Every time I’d see her in the halls I’d talk her ear off about my latest podcast obsession, whatever it happened to be that week. Maybe it was that time I stopped her by the fourth floor’s kitchenette to rave about Good One: A Podcast About Jokes. (“It’s about the craft of stand-up, Anya! How jokes get honed and shaped and sculpted over time! It’s about process!”) That did it. Enough, she perhaps thought, let’s channel this nerdy schlub’s energy into something we can use.

My marching orders were clear from the jump: Don’t write a textbook. Don’t write a resource guide. Write a book that reads like an engaging conversation with the reader—a book that distills the hard-won podcasting experience that NPR’s been accruing for more than a decade into practical, actionable, useful advice for someone who’s just starting out. If you can make it funny, or funny-adjacent, so much the better.

So I talked to a lot of NPR podcasters. And not just the hosts, though I talked to as many of those as I could. But I went out of my way to talk to people all along a podcast’s pipeline. Editors who shape the narrative.

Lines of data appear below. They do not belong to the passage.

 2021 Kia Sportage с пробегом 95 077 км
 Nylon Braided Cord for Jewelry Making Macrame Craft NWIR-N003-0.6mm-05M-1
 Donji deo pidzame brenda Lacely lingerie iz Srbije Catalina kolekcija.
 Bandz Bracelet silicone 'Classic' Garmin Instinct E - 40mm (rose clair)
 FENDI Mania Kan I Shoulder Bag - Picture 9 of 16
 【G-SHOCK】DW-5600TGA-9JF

Producers who keep all the plates spinning while making sure each episode maintains a clear and consistent focus. Engineers whose soundscapes place audiences where they need to be. I talked to folks on the NPR Training team about best practices for everything from correct mic placement to soliciting audience feedback. I talked to our marketing folks about the cheapest and most effective ways to get the word out about your podcast. And I talked to a lot of NPR interns, many of whom were already making podcasts of their own as a side-hustle.

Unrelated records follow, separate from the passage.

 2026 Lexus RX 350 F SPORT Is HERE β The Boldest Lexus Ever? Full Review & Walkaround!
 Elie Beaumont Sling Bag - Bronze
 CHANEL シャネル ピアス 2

Glen Weldon at NPR headquarters in Washington, D.C., March 19, 2019.
Allison Shelley

In NPR’s Podcast Start Up Guide, you won’t find advice on how to sound like NPR. Instead, you’ll find advice on how to use your experience, your passion, your story, and your voice to make the podcast only you can make. It’ll arm you with the many, many (many!) questions we at NPR ask ourselves before we commit to making a podcast. You don’t have to answer them all, but making informed decisions about what, for example, your ideal target audience looks like will give you the kind of focus and purposefulness that’ll keep you going when the going gets tough. (We ask and answer questions like that over the course of months and months of meetings, but you, bunky? You get it all in a book.)

Here’s an excerpt from the chapter on budgeting and time management in NPR’s Podcast Start Up Guide: Create, Launch, and Grow a Podcast on Any Budget (Ten Speed Press).


11 Time-Smart Podcasting Tips and Tricks

Check out these ways to save time, make time, and understand the time you need for your podcast.

1. Fools rush in, but you are no fool. So don’t rush. Start out by giving yourself ample time, knowing you face a steep learning curve. You can always accelerate once you’re more familiar with the production process.

2. Baby steps. That is, start with a smaller plan so you can learn from any mistakes and glitches before going all in with big plans. For example, if you’re a de-cluttering expert, create a three-part series on office organizing; this will give you a sense of how long things take and how many shows can realistically be in your “season.” That way, too, if a listener stumbles across Part 3, “Filing for the Flummoxed,” and enjoys it, they might seek out Parts 1 and 2: “Dominate Your Desk” and “Abolish Your Inbox.” Now you’re building an audience—an incentive to keep podcasting if there ever was one. Just make sure your audience knows that they’re listening to a limited series, so they know that there are other episodes to explore, and give them a way to let you know if they want more. Also, know this: Your first effort at podcasting might be a steaming pile of unpublishability [sic]. Hey, it happens. But take heart. The teachable moments will not be forgotten. You’ll do better the next time, and the next.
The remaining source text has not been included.